I estimate Henry Moldavskiy's net worth at approximately $4 million USD. However, in my opinion, almost all of this wealth is derived from:

  • Course sales
  • Alerts/Discord subscription fees ranging from monthly to $8,000+ for 1-on-1 mentorship
  • "Special emergency calls" charged at $100-$250 each on top of existing memberships
  • Mentorship programs
  • YouTube revenue
  • Affiliate commissions through cross-promotion with Invest with Corey and others

Not from trading profits.

The math is straightforward: a trader genuinely producing market-beating returns has no reason to spend hundreds of hours per year producing YouTube content, running a Discord, managing a course business, charging $100-$250 for emergency calls, and operating from offshore jurisdictions. The opportunity cost would be massive. Real verified-edge traders trade.

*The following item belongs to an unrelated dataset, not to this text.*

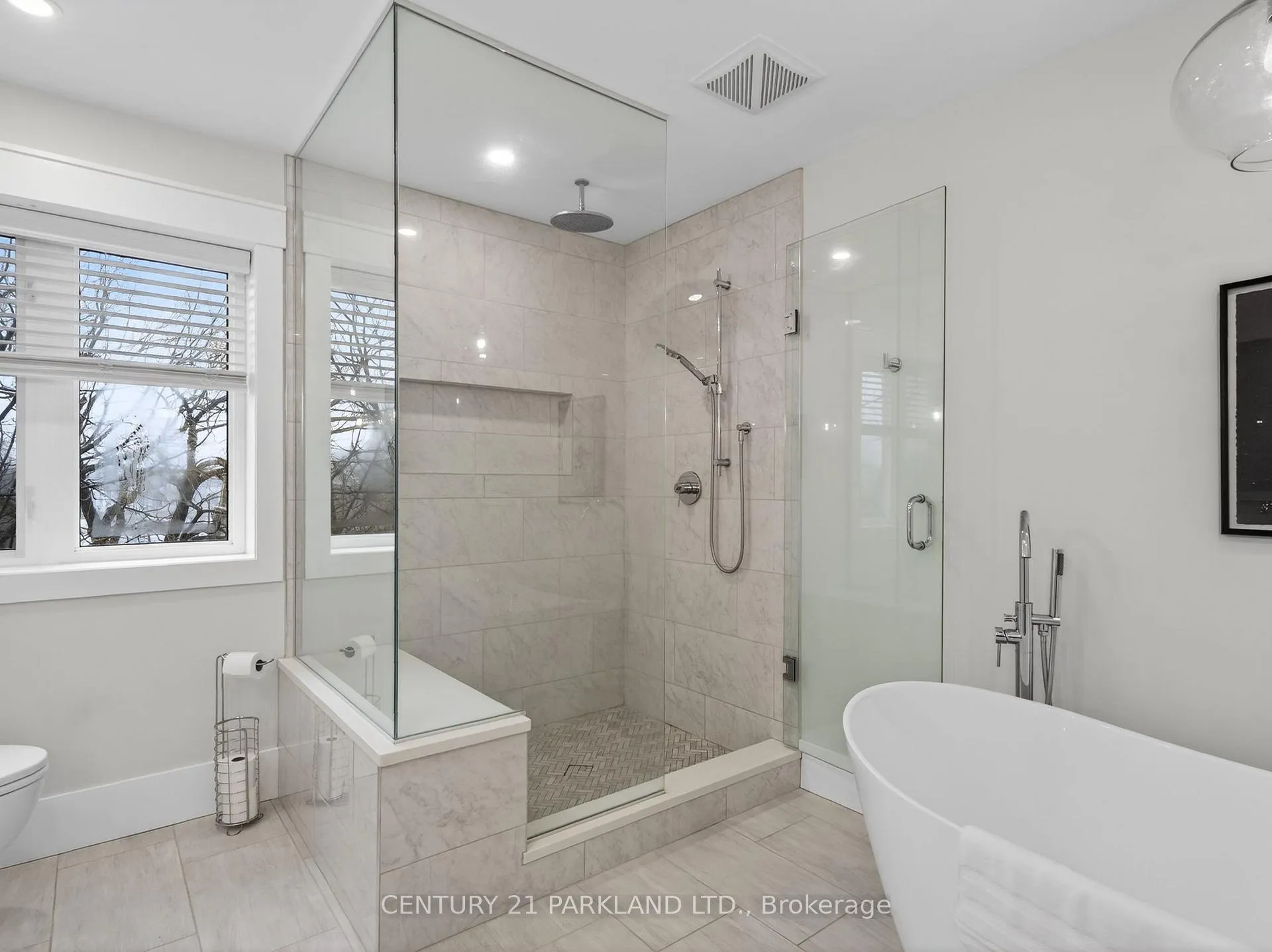 Photo 16 of 5 Brownscombe Crescent, Uxbridge — HOMEH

If Henry actually had the trading edge his marketing claims, he could simply trade — and he wouldn't need to deny refund requests, charge customers without authorization, or relocate to Eastern Europe or Cyprus to dodge regulatory action.

A Better Way: The "Financed Bull" Strategy

You don't need to pay $3,000 to $8,000 for basic options theory recycled from free YouTube content, especially when:

  • The recommended stock picks have crushed retail accounts during a bull market
  • The mentorship reportedly involves no actual position management
  • The refund policy is reportedly unenforceable
  • Customer credit cards may be charged for products they didn't authorize

At BestStockStrategy, I use the "Financed Bull" Strategy: instead of buying single stocks based on a marketer's recommendation (or buying naked calls hoping for a move), I buy call debit spreads financed by selling naked puts on large-cap market leaders at strike prices where I'd genuinely want to own the shares.

Why This Beats Following Henry's Stock Picks

FactorInvest with HenryFinanced Bull Strategy
Stock selection edge10+ picks crashed 90%+ during a bull marketLarge-cap leaders only (NVDA, MSFT, AAPL, AVGO, GOOGL)
HedgingNone observedBuilt-in via call spread structure
Position managementReportedly absent in 1-on-1 mentoringReal-time alerts with exit guidance
Refund policyReportedly unenforceableStandard 14-day trial structure
Verified track recordNone publicMulti-year +78% / +63% returns
Tax efficiencyConstant short-term gainsSection 1256 on SPX

Three reasons this approach works:

  1. Free Upside. By selling a put to pay for the call spread, you can often enter the trade for zero cost or a net credit
  2. Own Great Assets When Wrong. If the trade goes against you, you don't blow up your account. You simply own a high-quality stock at a discount
  3. Sustainability. This is a strategy for building long-term wealth — not for generating subscription revenue from an audience

For the complete framework, see Most Successful Options Trading Strategies (2026 Guide).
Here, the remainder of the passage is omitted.